Rooney's POV
No lograba entender por qué los días seguían pasando y aún me quedaba el resfriado. Gracias al cielo ya no presentaba fiebres, pero mi garganta dolía y mi nariz estaba bastante constipada. Seguro que si indagaba un poco más en los hechos, encontraba una sola pista y la respuesta a este perseverante virus: "cortisol". ¿Saben bien de qué hablo? y mientras lo narro —después de haber tomado un par de decisiones para salir adelante— voy preparando el milagroso té de ginger, miel y limón. Ese que nunca le falló a la mamá de mi mamá, que nunca conocí, y a la mismísima de mi madre. En fin, hablemos de la también conocida "hormona del estrés". Bien, su propio nombre puede darlo a entender todo. Se trata de una hormona que tiene el poder de aumentar, mientras que el ser humano se echa más peso a la espalda, o más estrés en simples palabras.
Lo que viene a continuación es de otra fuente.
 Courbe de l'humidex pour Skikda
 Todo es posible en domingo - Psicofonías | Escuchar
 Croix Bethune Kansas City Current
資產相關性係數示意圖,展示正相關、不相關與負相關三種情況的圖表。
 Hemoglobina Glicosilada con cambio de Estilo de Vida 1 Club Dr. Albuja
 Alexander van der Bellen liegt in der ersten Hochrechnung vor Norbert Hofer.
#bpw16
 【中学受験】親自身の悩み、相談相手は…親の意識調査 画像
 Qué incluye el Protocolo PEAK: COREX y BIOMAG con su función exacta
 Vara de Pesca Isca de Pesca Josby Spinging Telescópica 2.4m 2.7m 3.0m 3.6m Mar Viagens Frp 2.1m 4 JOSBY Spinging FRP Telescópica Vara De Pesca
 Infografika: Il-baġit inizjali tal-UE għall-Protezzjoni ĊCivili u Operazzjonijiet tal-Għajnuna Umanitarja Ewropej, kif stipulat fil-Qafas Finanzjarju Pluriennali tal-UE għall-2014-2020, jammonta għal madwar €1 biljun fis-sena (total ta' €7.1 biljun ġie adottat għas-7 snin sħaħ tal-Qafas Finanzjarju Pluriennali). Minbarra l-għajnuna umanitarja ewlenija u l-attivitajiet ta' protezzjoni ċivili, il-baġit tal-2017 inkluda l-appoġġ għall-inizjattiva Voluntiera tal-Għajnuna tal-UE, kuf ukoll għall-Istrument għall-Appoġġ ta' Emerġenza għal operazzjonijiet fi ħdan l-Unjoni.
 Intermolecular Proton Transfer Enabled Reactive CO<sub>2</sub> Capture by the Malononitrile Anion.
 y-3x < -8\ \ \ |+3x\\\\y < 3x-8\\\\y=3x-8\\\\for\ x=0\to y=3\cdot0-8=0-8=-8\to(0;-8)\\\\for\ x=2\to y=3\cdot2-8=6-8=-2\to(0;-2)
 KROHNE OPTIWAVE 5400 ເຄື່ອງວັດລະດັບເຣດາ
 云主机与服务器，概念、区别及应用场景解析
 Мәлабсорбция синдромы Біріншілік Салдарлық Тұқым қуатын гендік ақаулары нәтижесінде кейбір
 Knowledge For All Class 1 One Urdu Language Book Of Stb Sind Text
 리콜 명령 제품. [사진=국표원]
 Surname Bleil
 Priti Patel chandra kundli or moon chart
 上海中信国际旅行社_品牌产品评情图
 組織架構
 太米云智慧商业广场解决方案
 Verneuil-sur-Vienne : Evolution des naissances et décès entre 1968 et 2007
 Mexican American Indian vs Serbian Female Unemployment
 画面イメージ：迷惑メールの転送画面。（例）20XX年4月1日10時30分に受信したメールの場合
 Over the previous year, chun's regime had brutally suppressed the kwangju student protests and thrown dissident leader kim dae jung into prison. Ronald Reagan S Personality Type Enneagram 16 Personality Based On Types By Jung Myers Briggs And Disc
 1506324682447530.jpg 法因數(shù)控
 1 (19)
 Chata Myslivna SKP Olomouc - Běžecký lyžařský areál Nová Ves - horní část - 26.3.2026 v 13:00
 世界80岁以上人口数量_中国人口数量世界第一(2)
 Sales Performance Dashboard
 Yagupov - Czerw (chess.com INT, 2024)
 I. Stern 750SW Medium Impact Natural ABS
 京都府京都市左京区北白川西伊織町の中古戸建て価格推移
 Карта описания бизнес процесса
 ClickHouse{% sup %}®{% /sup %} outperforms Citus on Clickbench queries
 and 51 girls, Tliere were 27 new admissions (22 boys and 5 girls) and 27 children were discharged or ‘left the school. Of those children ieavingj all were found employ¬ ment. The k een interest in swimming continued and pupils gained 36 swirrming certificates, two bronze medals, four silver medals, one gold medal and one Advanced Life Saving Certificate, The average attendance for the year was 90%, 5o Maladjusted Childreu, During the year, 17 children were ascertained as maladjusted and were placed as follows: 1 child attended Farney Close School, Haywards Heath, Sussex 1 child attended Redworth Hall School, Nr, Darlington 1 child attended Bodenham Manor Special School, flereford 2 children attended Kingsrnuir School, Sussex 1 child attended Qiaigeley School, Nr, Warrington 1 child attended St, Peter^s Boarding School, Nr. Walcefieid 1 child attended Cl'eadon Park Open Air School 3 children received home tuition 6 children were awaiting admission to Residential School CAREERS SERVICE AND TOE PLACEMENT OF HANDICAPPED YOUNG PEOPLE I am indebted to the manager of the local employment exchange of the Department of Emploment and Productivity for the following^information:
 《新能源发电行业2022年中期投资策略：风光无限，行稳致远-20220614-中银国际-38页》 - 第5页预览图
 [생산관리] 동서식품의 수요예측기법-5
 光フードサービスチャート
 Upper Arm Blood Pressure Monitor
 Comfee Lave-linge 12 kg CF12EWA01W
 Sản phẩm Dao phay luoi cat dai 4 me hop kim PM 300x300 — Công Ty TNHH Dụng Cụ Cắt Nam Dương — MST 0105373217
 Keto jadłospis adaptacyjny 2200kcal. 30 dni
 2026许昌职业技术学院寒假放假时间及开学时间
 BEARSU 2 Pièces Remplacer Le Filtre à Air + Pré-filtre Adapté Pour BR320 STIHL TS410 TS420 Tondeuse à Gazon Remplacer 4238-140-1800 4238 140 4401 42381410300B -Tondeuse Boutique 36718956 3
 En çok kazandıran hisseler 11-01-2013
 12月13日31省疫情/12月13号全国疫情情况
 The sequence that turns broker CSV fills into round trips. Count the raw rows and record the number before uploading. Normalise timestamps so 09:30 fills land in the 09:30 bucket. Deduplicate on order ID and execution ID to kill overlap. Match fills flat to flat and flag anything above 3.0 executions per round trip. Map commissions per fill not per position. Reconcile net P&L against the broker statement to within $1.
Es como un veneno silencioso, que comienza a apoderarse de la mente y el cuerpo de las personas. Si no se le sabe controlar, he ahí los problemas cardíacos, gastrointestinales por ansiedad, la ansiedad como tal, caída de pelo, aparición de moretones, sequedad en la piel, temblores en el cuerpo, y lo peor sería un infarto. ¿Cómo se trata? se supone que quitando la acumulación de preocupaciones, cosa que aún siendo estudiante de psicología veo bien complicado, pero no imposible. Partí de ese mismo hecho, de no comerme tanto la cabeza para ponerle solución a este resfriado, que se entretenía mezclándose con una culpa que cargaba: Edith.
Así es, los días no solo se me pasaban entre estornudos, sino que con la maldita insistencia de su padre, quien aún no quería dar el brazo a torcer para que aunque sea Cate fuese a visitarlos. Ella, por su parte, se veía bastante decaída, pero una vez que notaba que la miraba más de la cuenta —según ella psicoanálisis— volteaba a sonreírme y a seguir como si nada, como si no le hubiesen arrebatado lo más importante de su vida, y que según mi corazón era por mi culpa.—Mamá, ¿por qué es necesario que las orugas pasen por la meta...-
—Metamorfosis, mi cielo—con su dedo índice dio un toque fugaz a la punta de mi nariz.
—Eso. ¿Por qué, mami?—papá me había comprado un libro de ciencias para niños de primaria y el dato más impactante para mí, en ese momento, fue el proceso de metamorfosis. No solo se oía alucinante, sino que hasta molesto, porque no hallaba una respuesta concreta.
—Tendríamos que cuestionarnos hasta el color de nuestra piel—me sonreía, aún notándome algo impaciente—Te sorprenderías si te dijese que las mariposas no pueden ver sus alas—pasó de página, señalando y confirmando lo que acababa de decirme—Pero si regresamos a la metamorfosis y su moraleja...—se puso de pie—Creo hija, que todos estamos en este proceso de la vida. Hay cosas que simplemente suceden y nos duelen o nos hacen enojar—tomó su labial—pero llegará el día en que esos sucesos tengan respuestas y más vale que si nos crecen lindas alas, seamos capaz de verlas—me colocó frente al espejo, después de aplicarme el labial—Es como...—se puso a mi altura—Cuando aprendiste a montar la bici, tuviste que caerte algunas veces, porque es parte de hacernos fuertes, ¿no crees?—asentí con una sonrisa. Siempre me sacaba sonrisas.
—Y ahora sé manejar—tomé su mano.
—¡Y ahora sabes manejar!—
También sé que los procesos endurecen corazones, pero dejé reposar mi fe en esos momentos que me regalé con Edith. No solo jugamos mucho, sino que teníamos conversaciones largas que nos acortaban el tiempo y las ganas de volver a vernos.
Revisé la galería de fotos de mi teléfono. Estaba llena de imágenes que ella se tomaba a sí misma, mientras yo me descuidaba. Las abracé, con pena en el pecho, pero diciéndome a mí misma que esos ojitos azules pronto encontrarían los míos, y que en el peor de los casos, la encontraría llorando por algún golpecito.